In 1789, a great struggle raged between the Parliaments of England and Ireland on the question of creating the Prince of Wales Regent during the insanity of George the Third. The Prince at this time had been bound up, politically and socially, with the Whigs. Pitt, fearing that the Regency might prove fatal to his ambition and his Cabinet, resisted the heir-apparent's right to the prerogative of his father, and declared that 'the Prince had no better right to administer the government during his father's incapacity than any other subject of the realm.' An address to the Prince from the Irish Parliament requested that he would 'take upon himself the government of Ireland during the continuation of the King's indisposition, and no longer; and under the title of Prince Regent of Ireland, in the name, and on behalf of his Majesty, to exercise, according to the laws and constitution of that kingdom, all regal powers, jurisdiction, and prerogatives to the crown and government thereof belonging.'
Pelham, speaking of 'the tricks and intrigues of Mr. Pitt's faction,' adds, 'I have not time to express how strongly the Prince is affected by the confidence and attachment of the Irish Parliament.' Portland takes the same tone. The Buckingham Papers afford rich material for a history of this struggle. The noble editor admits that 'the Parliament of Ireland preserved the unquestionable right of deciding the Regency in their own way. The position of Lord Buckingham602 had become peculiarly embarrassing. What course should be taken in the event of such an address being carried? The predicament was so strange, and involved constitutional considerations of such importance, as to give the most serious disquietude to the Administration.'603
Hopes were felt that the King might recover. The Viceroy receives instructions to use obstructive tactics, 'to use every possible endeavour, by all means in your power, debating every question, dividing upon every question, moving adjournment upon adjournment, and every other mode that can be suggested, to gain time!'604 But the Viceroy did more. He openly threatened to make each opponent 'the victim of his vote.' Fitzgibbon was promised the seals and a peerage if he succeeded for Pitt. Lures and threats were alternately held out. The peerages of Kilmaine, Glentworth, and Cloncurry were sold for hard cash, and the proceeds laid out in the purchase of members. Meanwhile the King got well. Thereupon the Master of the Rolls, the Treasurer, the Clerk of Permits, the Postmaster-general, the Secretary of War, the Comptroller of Stamps, and other public servants, were dismissed. The Duke of Leinster, Lord Shannon, the Ponsonbys were cashiered. Employments that had long remained dormant were revived, sinecures created, salaries increased; while such offices as the Board of Stamps and Accounts, hitherto filled by one, became a joint concern. The weigh-mastership of Cork was divided into three parts, the duties of which were discharged by deputies, while the principals, who pocketed the profits, held seats in Parliament. In 1790, one hundred and ten placemen were members of the House. The Viceroy, Buckingham, during his short régime, added 13,040l. a year to the pension list; the names of the recipients are already on record. On the other hand, some men who had taken the Prince's side in the contest lost their pensions. O'Leary may have been in this batch.605 Croly, in his 'Life of George IV,' dilates on the intimate relations which subsisted between the Prince and the priest, and adds that O'Leary was no unskilful medium of intercourse between his Church and the Whigs, and contributed in no slight degree to the popularity of the Prince in Ireland. According to Buckley, the Prince patronised O'Leary to such an extent that rumour whispered it was by him the marriage ceremony with Mrs. Fitzherbert had been performed.

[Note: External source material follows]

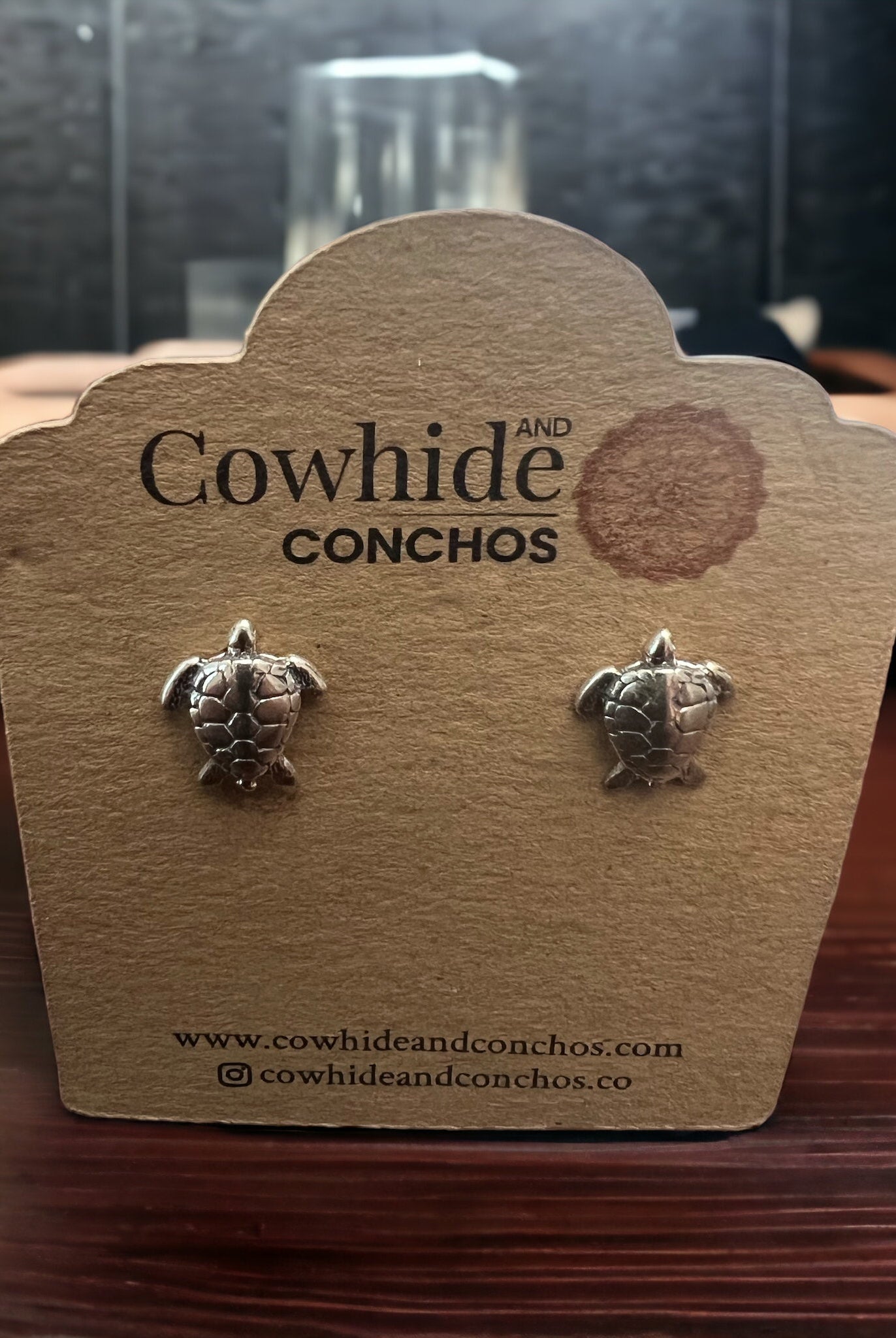 Sea Turtle post earrings - Sterling silver - Cowhide and Conchos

Barrington, describing the chastisement applied to those who, in Ireland, favoured the appointment of the Prince as Regent, says: 'Lord Buckingham vented his wrath on the country;' but what proof have we that the alleged agent of the Castle, O'Leary, incurred that Viceroy's displeasure?
In 1789, the year O'Leary removed permanently to London, he settled down, at the Spanish Ambassador's Chapel in London, as an assistant priest to Dr. Hussey, and, apparently, a most unwelcome one. An extraordinary pamphlet, not known to his biographers, was privately issued by O'Leary referring to a feud between himself and Dr. Hussey. At page 11 O'Leary writes: —
The old clerk told me in the vestry, 'that I might now return to Ireland, as my enemy, the Marquis of Buckingham, had returned to England.' Surprised how or where the clerk of a vestry could get such an insulting information, I recollected that his master [Dr. Hussey] had told me some time before that he had seen a letter from the Marquis of Buckingham, when Viceroy of Ireland, to some nobleman or gentleman of the English Catholic Committee, wherein he depicted the Catholics of that kingdom in very unfavourable if not odious colours, and painted me as one of the ringleaders.606
This serves to explain Dr. England's remark in 1822, when accounting for O'Leary's permanent removal to London, that 'his residence in Ireland had become painful;'607 but elsewhere in his book he assigns a different reason for the change.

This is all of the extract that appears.